Only the Rite Aid Pharmacy takes up this space today.
Silver Creek also had five car dealers, also according to Piccolo. Today, only a used car dealer remains, Dolce Automotive. A quick Bing Maps search may answer why none of those dealers exist today. After looking up the dealers West Herr and Basil, the maps show that most of the dealers are all grouped for easy access from the thruway.
While most dealerships are in the Hamburg area, even the ones that are not in Hamburg are next to the thruway. Basil has two dealerships in Chautauqua County. One is in Westfield and the other Fredonia. Both towns have an exit from the thruway.
In a telephone interview, longtime resident Mike Brown took me on a tour of Silver Creek, back in the day. Starting at Wright’s Grocery that used to be on the top of Buffalo Street. The foot bridge that took people from Main Street to half way up the hill on Buffalo Street was closed in the 1980s and was completely destroyed by the 2009 summer flood.

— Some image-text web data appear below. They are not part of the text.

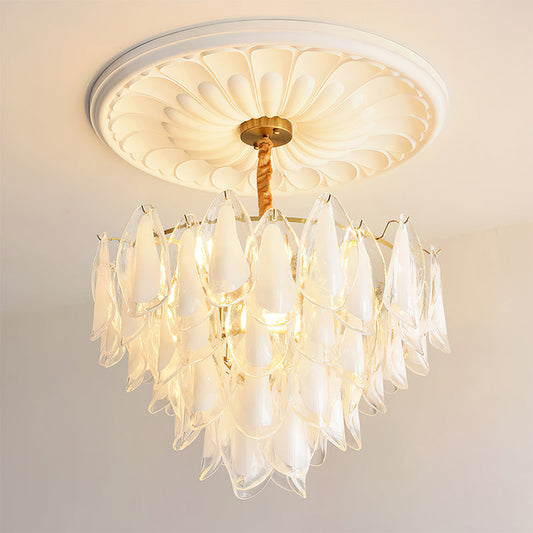 Celeste Glass Petal Chandelier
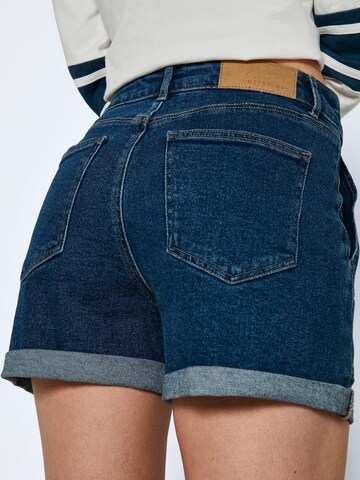 Noisy may Slimfit Shorts 'Be Katy' in Blau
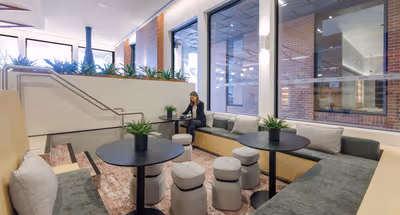 Living area at Therry Street Apartments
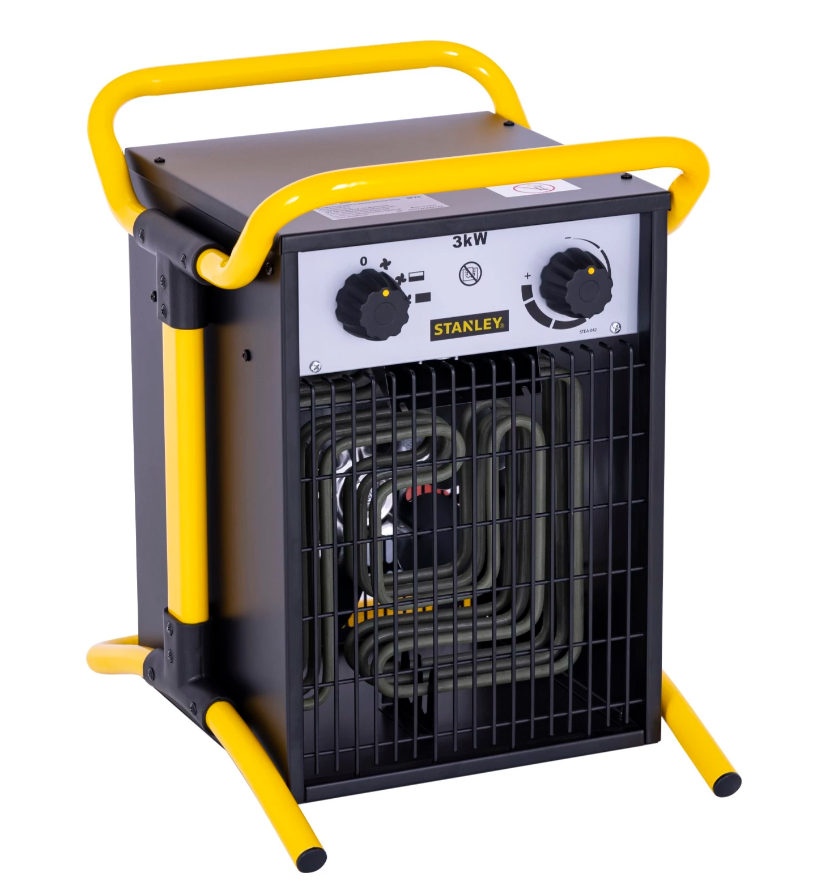 Stanley Workshop-Heizung 3000 W - 45 x 30 x 20 cm - leistungsstark und kompakt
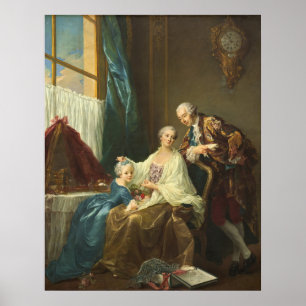 Familieportret - François-Hubert Drouais Fine Art Poster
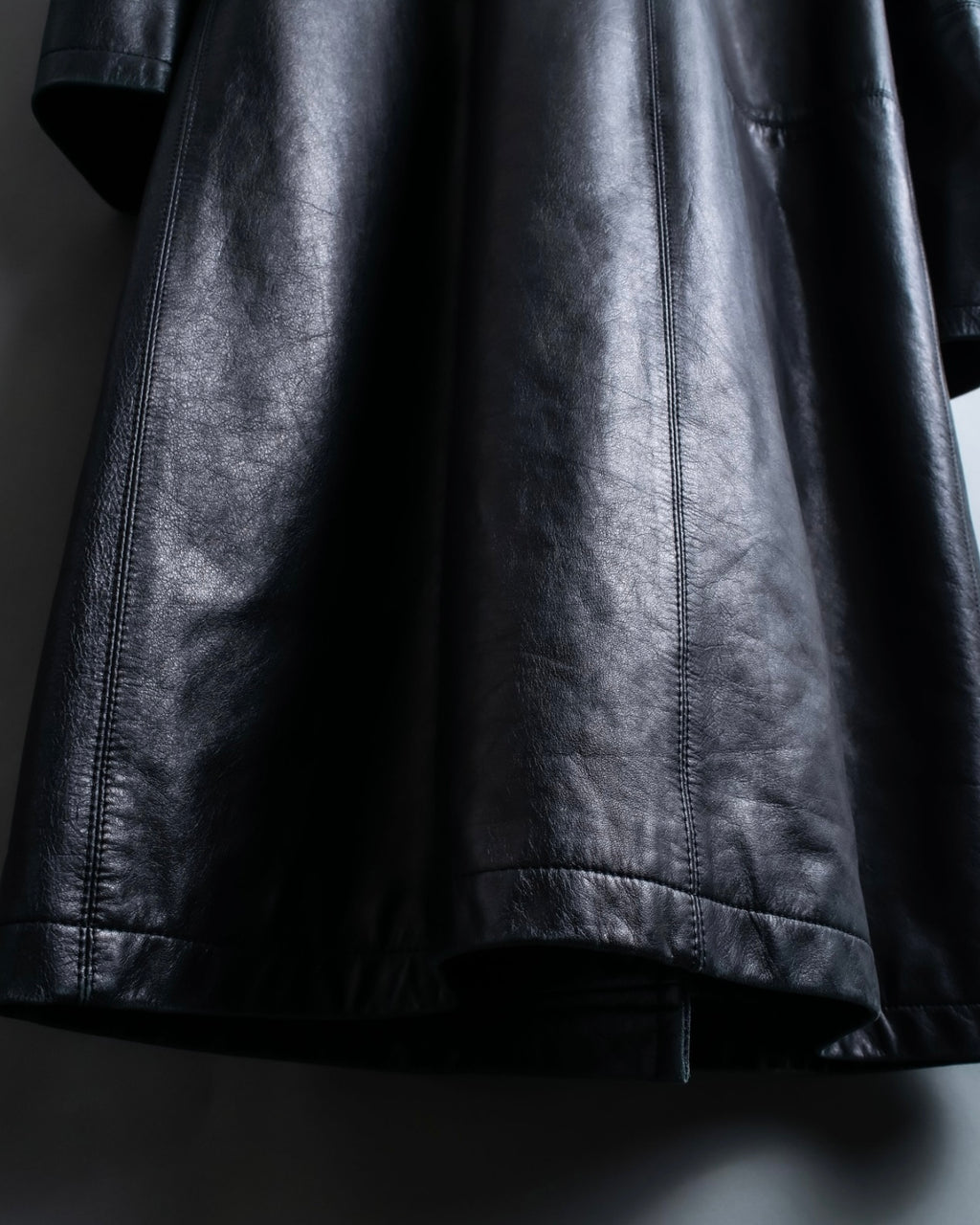 "Issey Miyake" Archive leather coat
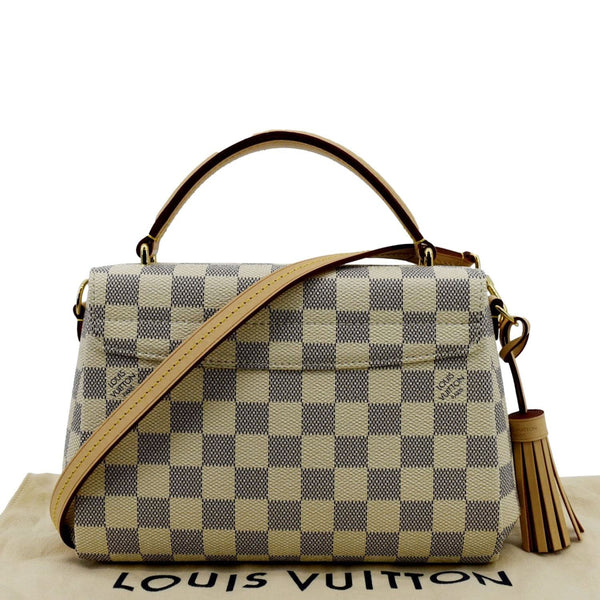 LOUIS VUITTON Croisette Damier Azur Satchel Crossbody Bag White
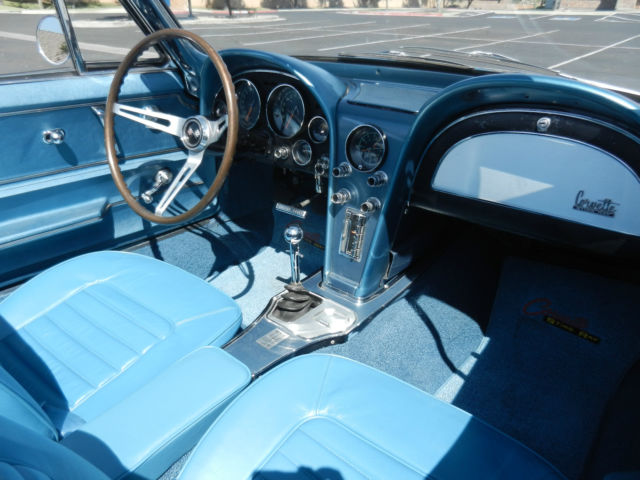 1966 Nassau Blue Chevrolet Corvette Convertible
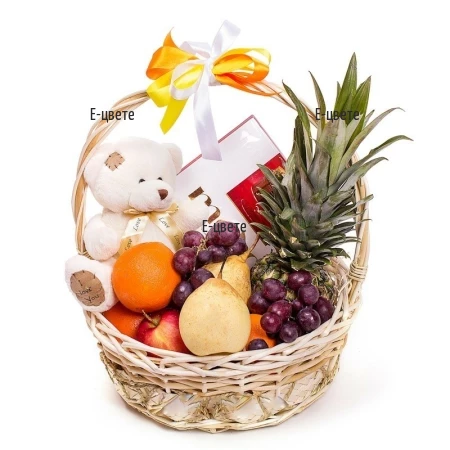 Send a basket with chocolates and fruits to Sofia.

But Brown took me down that bridge and on a journey through the village, naming all the business that used to be there and where they were.
Where mostly an empty building sits now, Brown could rattle off the names of the people who made their lives there.
When asked if he thought the thruway had a hand in making the town what it was today, he said, “Big time.”
“All the businesses along the thruway lost business. It effected every town but Silver Creek especially. You had to pass through Silver Creek to get to Pennsylvania (from Buffalo). It went from a metropolis to a ghost town in 10 to 15 years. People had to rethink on how to make a living.”
“It had enough traffic for the time because there was less cars,” Brown also said. “In 1970 there was 15 gas stations at least, 10 for sure (within the limits).”
In modern day Silver Creek there are no gas stations within the village limits.
Silver Creek is just one example of how the construction of the superhighway effected small towns. Silver Creek may have felt aftershocks of its construction but some places felt the pinch even before completion. Also according to the Saturday Evening Post, entire towns had to be displaced for the road to pass through, especially for the parameters that the designers set forth. Motorist must be able to see 1000 feet in front of them, and no curve can have a radius of less than 2800 feet.
As Silver Creek lost taxable income slowly, the old Erie Canal town of Fultonville lost 1/7 of taxable income as the thruway ran right through the middle of the village. Several homes and business had to knocked down to let the road pass between the canal and steep hills.
Several dairy farmers had their fields cut in half and were not able to move cattle from one end of their land to another, due to the limited access nature of the road. Thruway engineers thought it would take up to ten years for the property to become recognizable units again.
The New York State Thruway is a good example of how modern advancement changes lives. Not only does it become part of our culture it helps to shape it. Small town life was drastically changed by the thruway. I myself, like many of small town residents, no longer stayed within town to work. Small businesses that made small town life are gone. To see some of the changes drive through any small town in the area. The changes are apparent.